いくつかのカテゴリは(傑出していないながらも)本当に良好だが、1つ2つは扱いたくないカテゴリも存在する。
- 解像度に関して全般的に非常にまともだ。中央の広い部分や周辺部も絞り開放から非常に高い解像性能を備えている。
- 四隅はそうではなく、非常にソフトでコントラストが低い。しかし、このような設定で隅々までシャープさを求めることはほとんどないので、実用上はあまり問題にならないだろう。
- F4およびF5.6では、このレンズはあらゆるレンズの基準で得られるのと同じくらいシャープだ。ただし、これはどんなに安いレンズ50mm F1.8でも見られる典型的なことだ。
- 歪曲収差や倍率色収差は、RAWファイルでも最小限に抑えられている。
- ただし周辺減光は明らかに多く、トンネル効果を狙うのでなければ自動補正が必要だ。
- しかし、このレンズが本当につまずいている2つの側面がある。焦点距離が近くなると画質が低下し、ボケ味もあまり良くない。被写界深度の浅い写真全てで目立つわけでは無いが、いくつかの写真ではそうなるだろう。最高のボケを得るためには(被写界深度やピンボケを犠牲にしても)、F値を1段下げる必要がある。
- コンシューマーグレードのレンズとしては、特にこの価格帯のレンズとしては作りが良好だ。プラスチックと金属を組み合わせた部品や、滑らかなコントロール/フォーカスリングなど、かなりしっかりとした印象を受ける。
- また、小型なので、カジュアルな撮影やストリートでの撮影にはちょうど良い。
- 欠点として、耐候性がないことと、インナーフォーカスではなく年代物の伸びるフォーカシング機構に頼っていることが挙げられる。しかし、少なくともEOS R5と組み合わせると、AFは非常に高速だが、フォーカシングの際に少しノイズが発生する。
長所と短所のすべては、当然ながら価格とのバランスで決まる。200ドル/230ユーロという価格は、現在の基準では非常に安価であり、それだけで際立った存在だ。駄目なところは駄目と割り切って使えば、きっといい結果が得られるはずだ。
とのこと。
私も発売日からこのレンズをEOS R5と組み合わせて使用しています。Optical Limitsのレビューは概ね同意できる内容。解像性能は周辺部に改善が見られるものの、フレーム全体でシャープな結果を得るにはEF50mm F1.8 STMと同等くらいには絞る必要があります。また、接写時はEFレンズよりも周辺が甘くなる点には注意が必要。
ボケ味の悪さを指摘していますが、個人的に接写時(EF50mm F1.8以上に近寄った場合)の球面収差が残ったボケは嫌いではありません(接写時以外は概ね同意)。一般的な撮影距離でのボケ味はEF50mmから変化なし。

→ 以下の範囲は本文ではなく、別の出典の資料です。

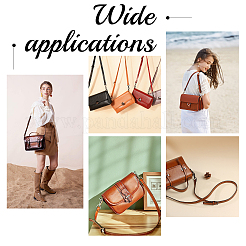 Bandoulière de sac en chaîne en cuir&nbsp;FIND-WH0093-10A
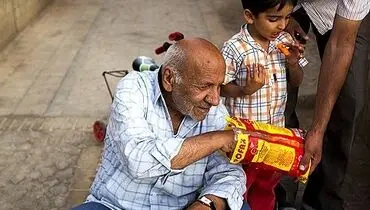 عکس/منم پفک می خوام!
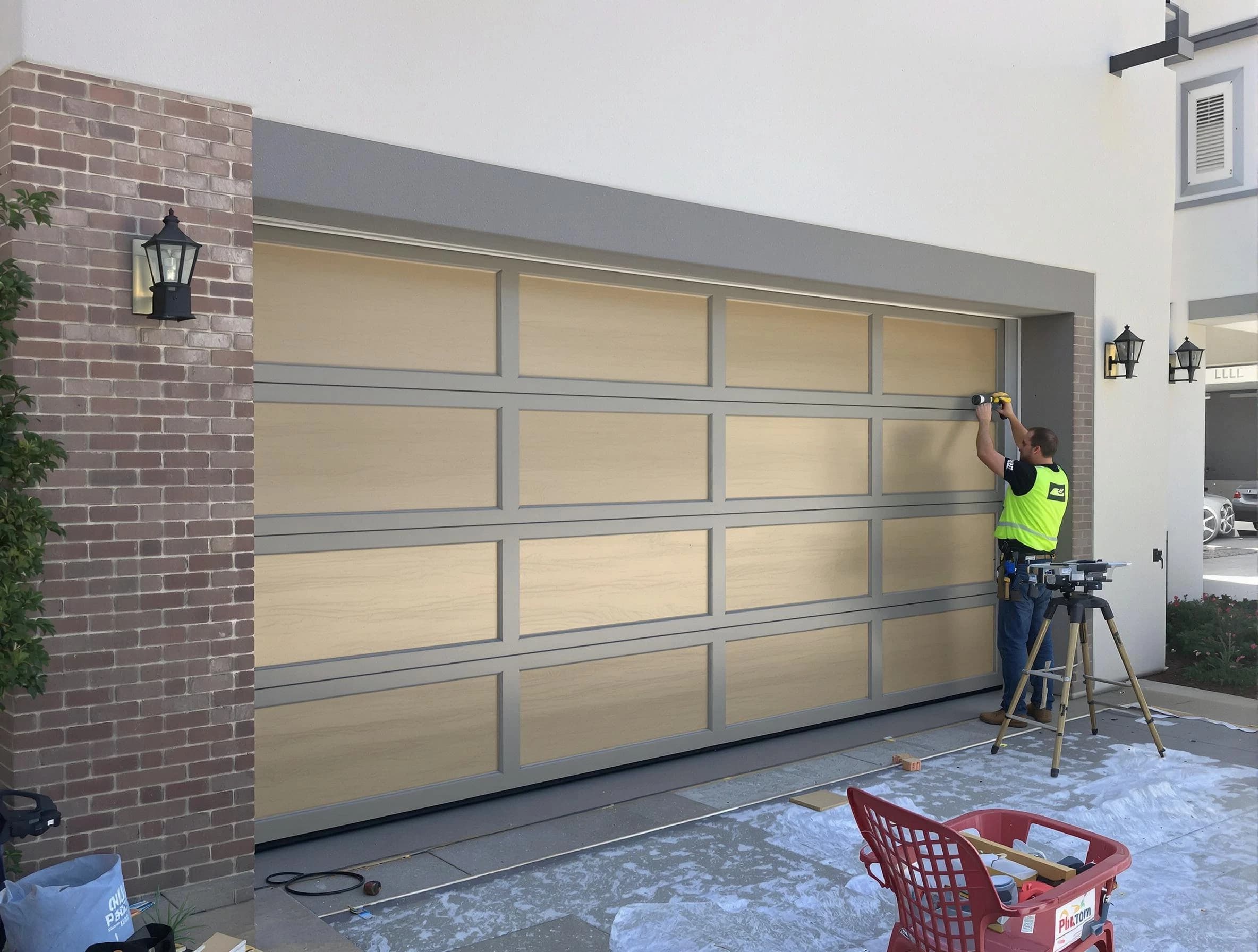 Garage door replacement service by Berkley Garage Door Repair in Berkley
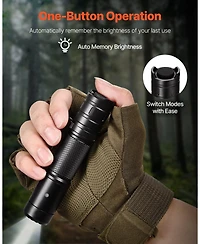 Mecale Rechargeable High Lumens Led Flashlight, 6 Lighting Modes, IP66 Waterproof, Handheld Portable Flash Light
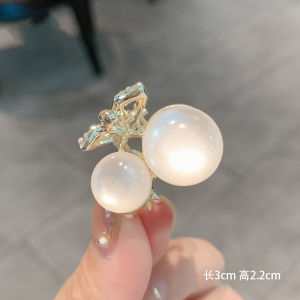 Opal Cherry Hair Clip Jaw Clip South Korea Cute Young Adult Forehead Bangs Clip Top Clip Small Hair Accessories Hair Clip for Broken Hair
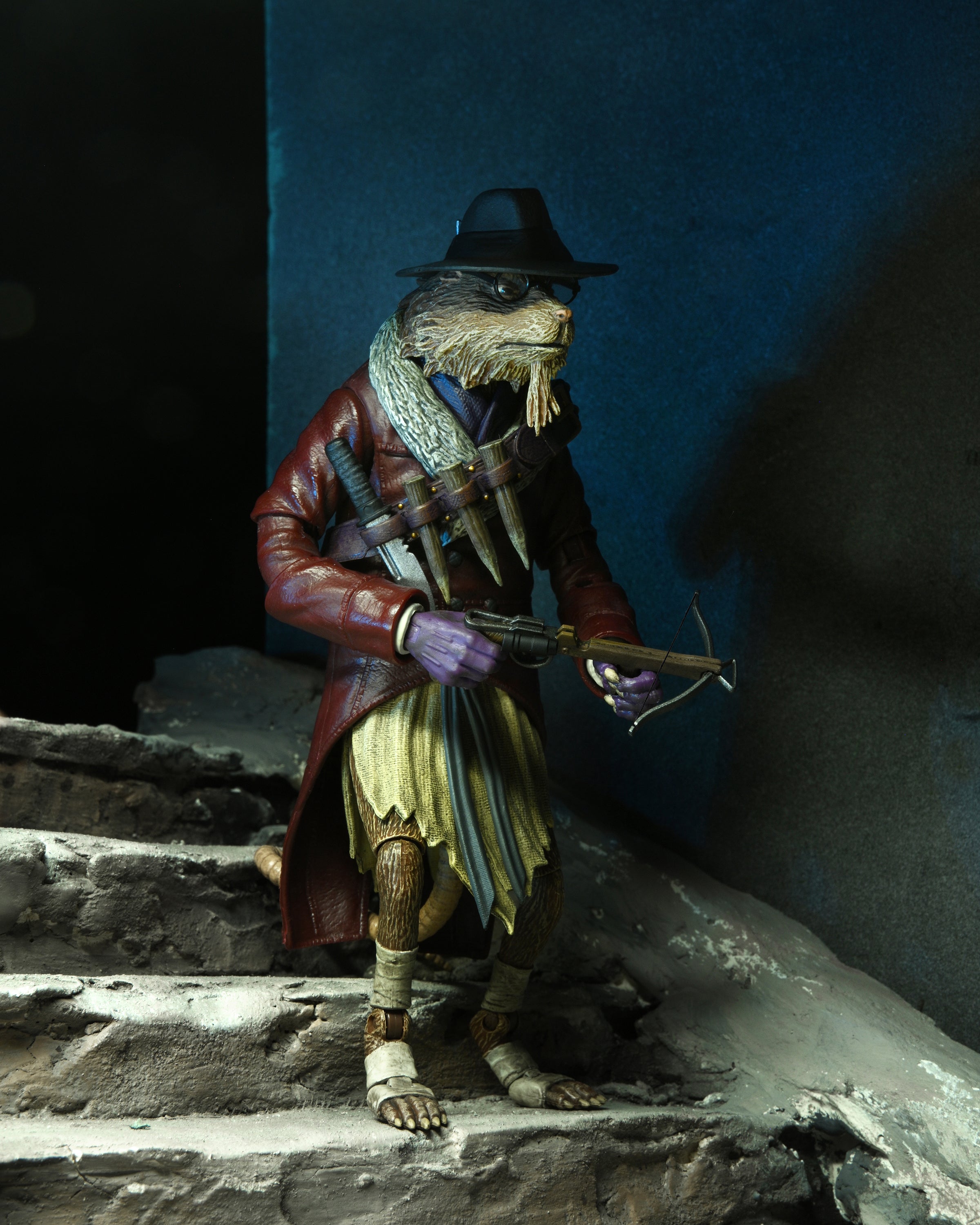 PRE-ORDER 7-inch Action Figure - Universal Monster x TMNT - Ultimate Splinter as Van Helsing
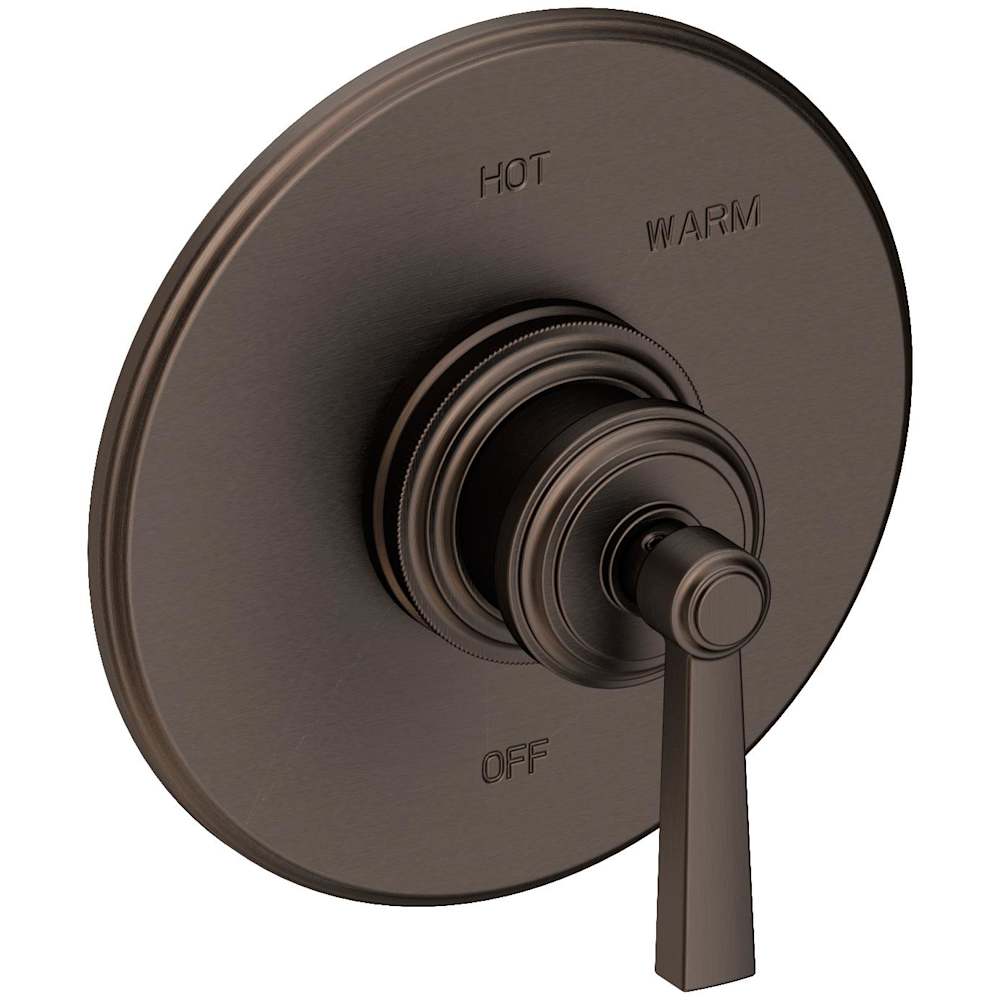 Miro Collection Single Handle Round Pressure Balanced Shower Trim Plate Only with Metal Lever Handle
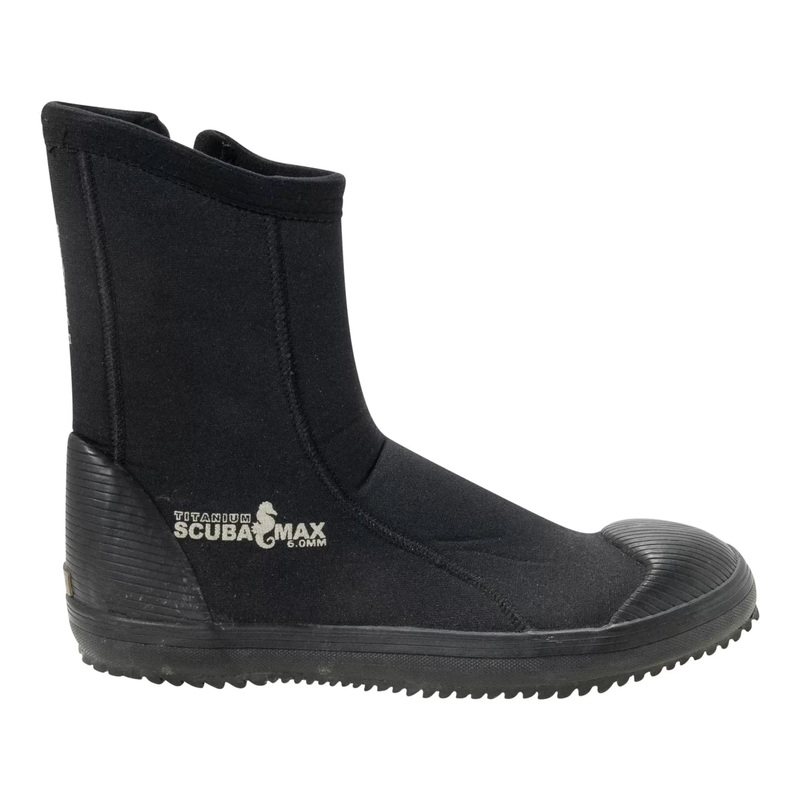 Scuba Max Reeftrack 6.0mm Neoprene Boot - Men's 7 Black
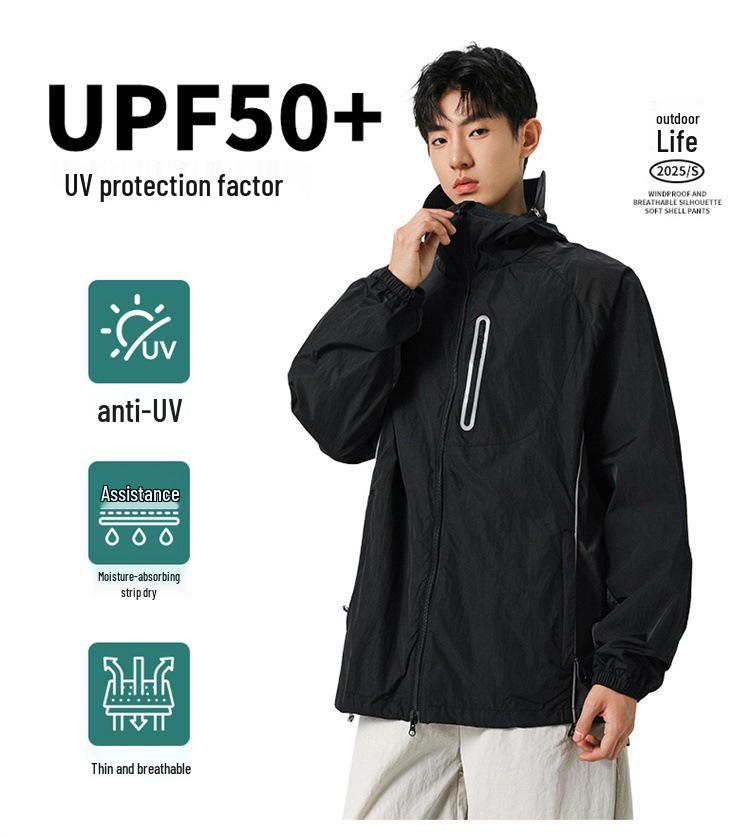 Unisex UPF50+ Lightweight Anti-UV Summer Sports Jacket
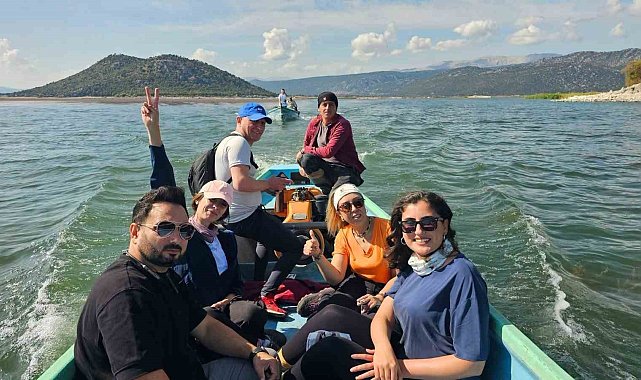 Beyşehir'in gizli cennet adasında nefes kesen keşif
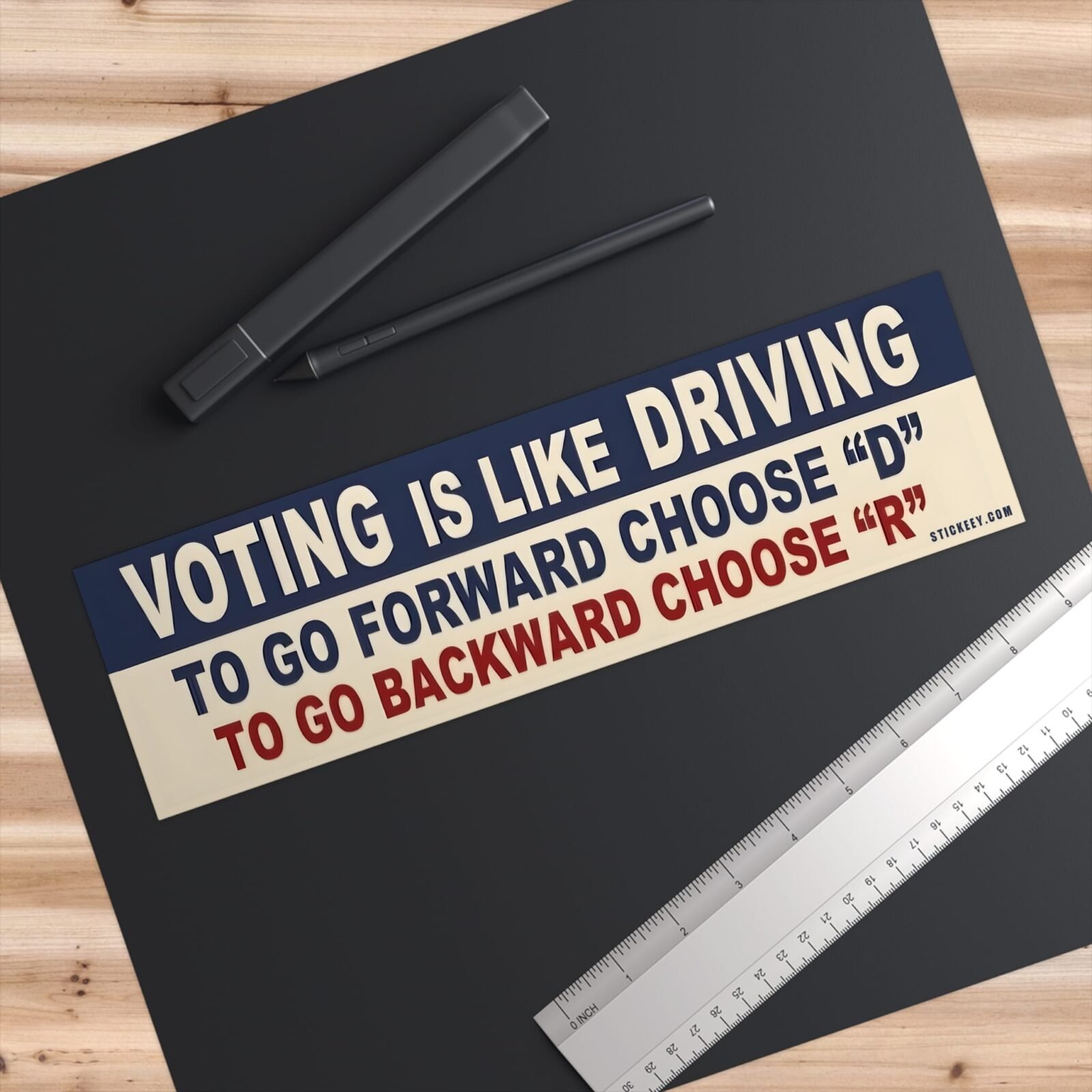 VOTING IS LIKE DRIVING Bumper Sticker - Image 3
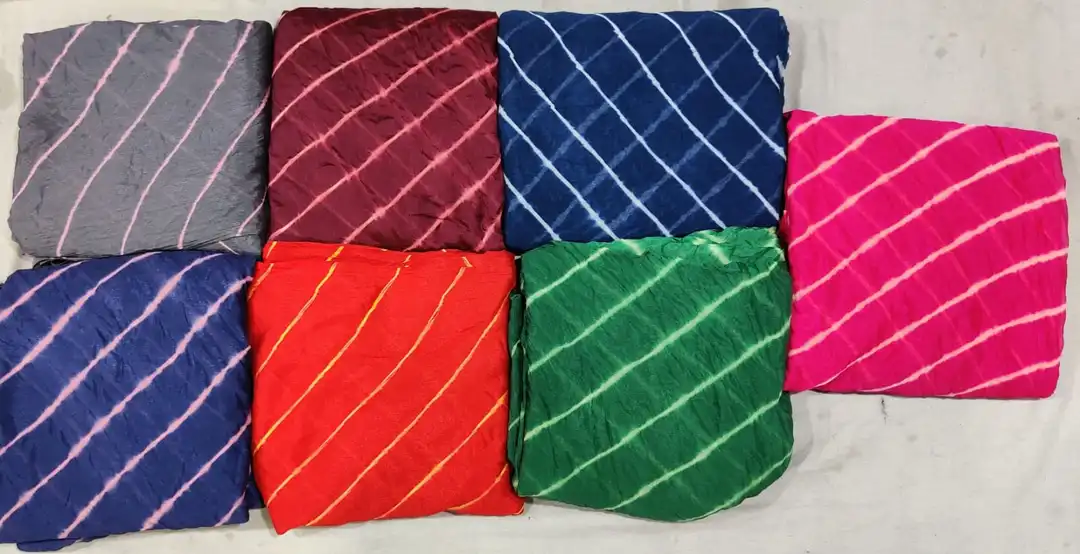 Today sale price limit stock 
Beautiful Traditional jaipuri color full Lahriya*

*Fabric-40 gram Chi uploaded by Gotapatti manufacturer on 6/27/2023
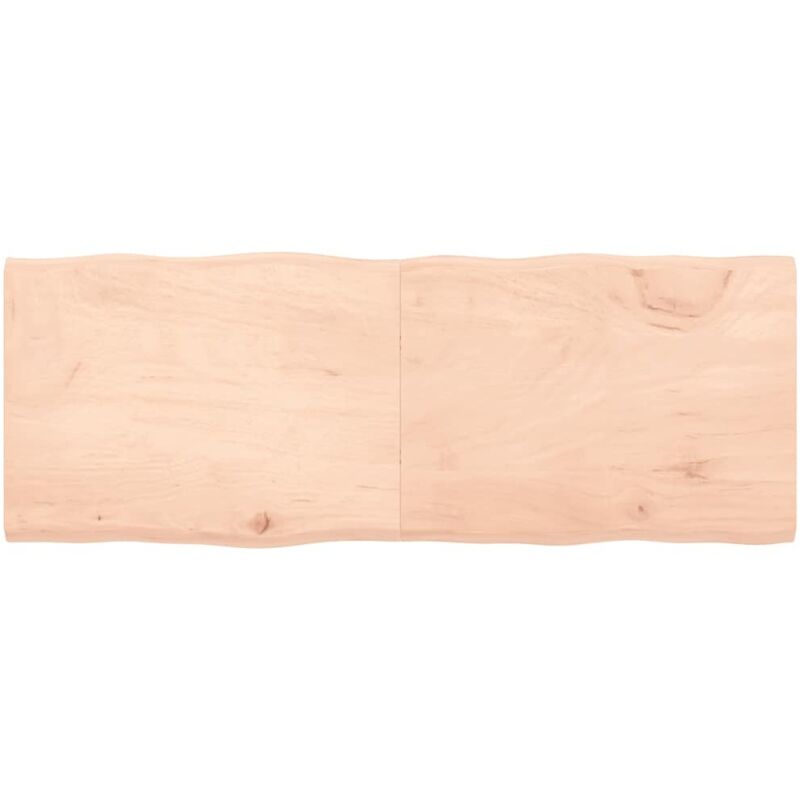 Dessus de table bois massif non traité bordure assortie - Vidaxl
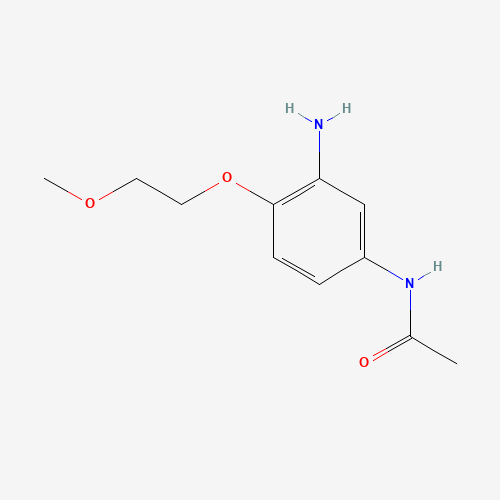 N-[3-amino-4-(2-methoxyethoxy)phenyl]acetamide (CAS: 68385-79-5) - Chemical Structure and Molecular Formula 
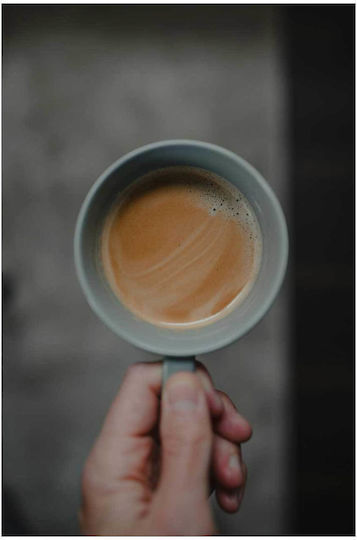 Painting Holding A Cup of Coffee 80x120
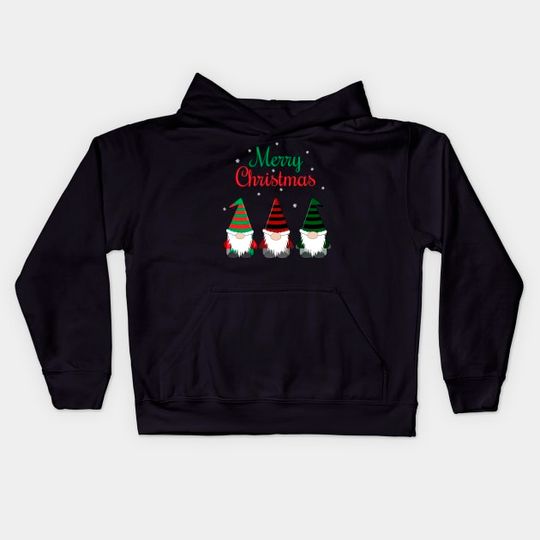Discover Merry Christmas Gnomes Color - Christmas Gnomes - Kids Hoodie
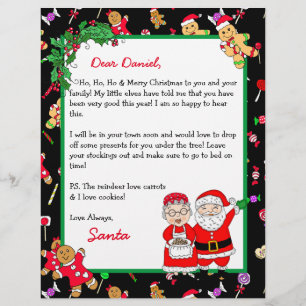 Personlig Brev från Santa for Children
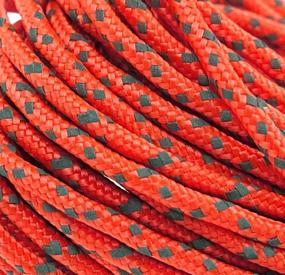 img 2 attached to 🟠 GM CLIMBING 50ft Orange Reflective Utility Cord - High Strength 2.5mm, 300LB, Hi-Vis, Less Stretch, Ideal Guyline for Tent, Tarp, Hammock, Rigging, and Outdoor General Use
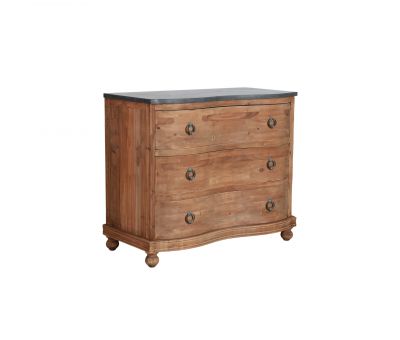 Chateau Antoine Chest of drawers with blue stone top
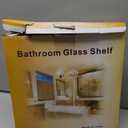 Glass Shower Shelves, Glass Bathroom Corner Shelf Wall Mounted Shelf Shampoo Holder Organizer Extra 8MM Thick Corner Shelves for Inside Shower with 3 Hooks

諸収差の補正状態もEF50mm F1.8 STMとよく似ていますが、周辺減光はさらに強まった感あり。特にPMo非球面レンズが悪さをしているのか、透過率はEFレンズよりも悪いです。
私は本当に魅力的と感じるのは携帯性。サイズこそEF50mm F1.8 STMと変わりませんが、フランジバックの短いミラーレス用の50mm F1.8としては最小クラス。EOS RPや、今後登場するであろうよりコンパクトなミラーレスとの相性は良いはず。そこにEF50mmとの価格差ぶんの価値を見いだせるかどうかは別ですが…。
高性能なキヤノンRFレンズ群の中では、イマイチぱっとしない光学性能であることは確か。もちろん一般的な撮影距離で周辺部の解像性能が向上している点は評価したいところ。